In that experience The Creator showed Wavoka a beautiful land filled with wild game and instructed him to return home to tell his people that they must love each other, not fight, and live in peace, that the people must work, not steal or lie, and that they must not engage in the old practices of war or the traditional self-mutilation practices connected with mourning the dead. The Creator said that if his people abided by these rules, they would be united with their friends and family in the other world.

Wavoka claimed to have left the presence of The Creator convinced that if every Indian in the West danced the new dance to “hasten the event,” all evil in the world would be swept away, leaving a renewed Earth filled with food, love, and faith. Quickly accepted by his Paiute tribesmen, the new religion was termed “Dance In a Circle.” Because the first European contact with the practice came by way of the Sioux, their expression “Spirit Dance” was adopted as a descriptive title for all such practices. This was subsequently translated as “Ghost Dance.”





If one may have an Intention, an active prayer, for their time as an artist on the playa, may it be to inspire greatness and rally the interactive audience to change. Call and response. Power up! If you’re an MC, a DJ, a performer, a poet, a dancer, a band, a participant, grab the mic, or gather a group around you sometime that week and let Black Rock City know what humanity can stand for: Peace, Love, Unity, Freedom and Liberty for all. Dance for it. Rock for it. Move for it. Live the Ghost Dance and pave the way to our better world. This is the spiritual inheritance of the land upon which you party. Don’t trash it. Embrace it. Work with it. Own it.

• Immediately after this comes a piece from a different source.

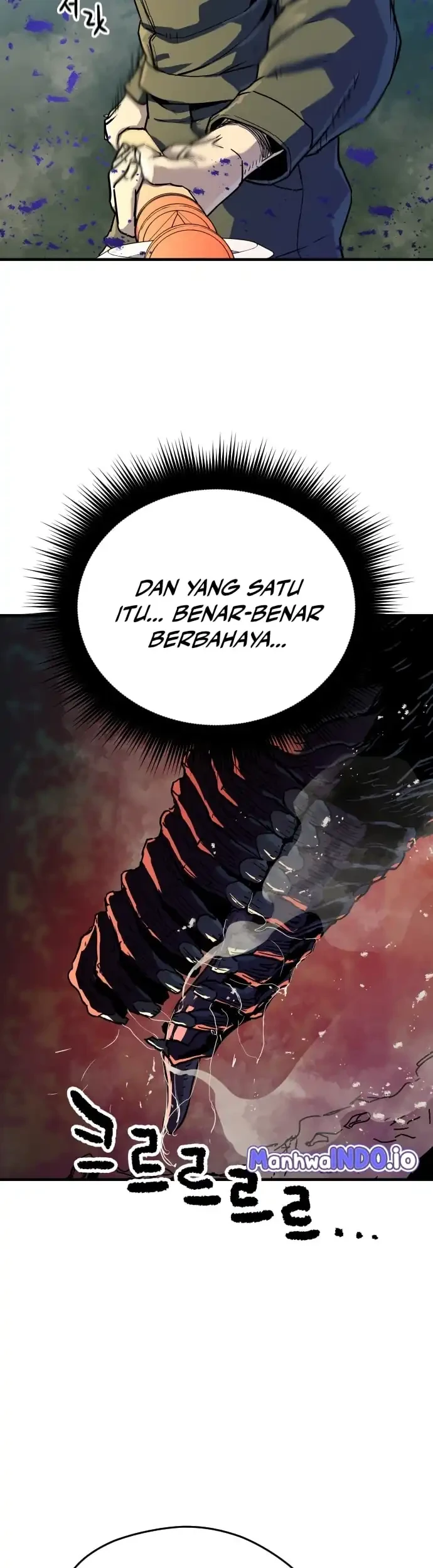 Another World Contractor Bab 12 halaman 31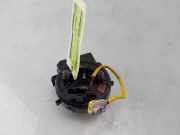 Airbag Schleifring H504021009 Hyundai i20 (BC3) Schr?gheck 5-drs 1.0 T-GDI 100 Mild Hybrid 48V 12V (G3LF) 2021-12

If you feel challenged here, don’t look to the group, the lowest common denominator of social cues and peer acceptance for the answer. Be the answer. Lead the answer. Strike the match that creates the conversation which transforms the worlds context. Generate value changes. Destroy one economy by generating a new one with the gift of refreshing thought. Stand wherever you are and declare your heart. Participate.

Burning Man and The Ghost Dance

Above all, remember the ancestors –they have your back. It is commonly held that the indigenous people of this land who have passed have become all that you see in the wild open. The rivers, the stones, the wind, the trees. Use all your senses to receive and perceive them. Smell the air, touch the earth, taste the food, hear their songs, and see their dance intertwined in every natural form all about you –all a language transmitting connection and wisdom. With a bow of the head, acknowledge all those who have come before you and cared for the land. They play with you now.

Dear open minded friends, a people I may call the New Indigenous –anything is possible. So is it not possible that Wavoka’s vision, and what it represents, is accessible to you today to carry it forward into being? If you think it –then it is so. You’ve proven this to yourself a million times over. So I invite you here, as stewards of this land, to take the challenge and restore this planet back to paradise. The Paiute lived this. You’re about to dance on their home turf. Dance the Ghost Dance at Burning Man and know you are an active part of how we make it back to heaven on earth.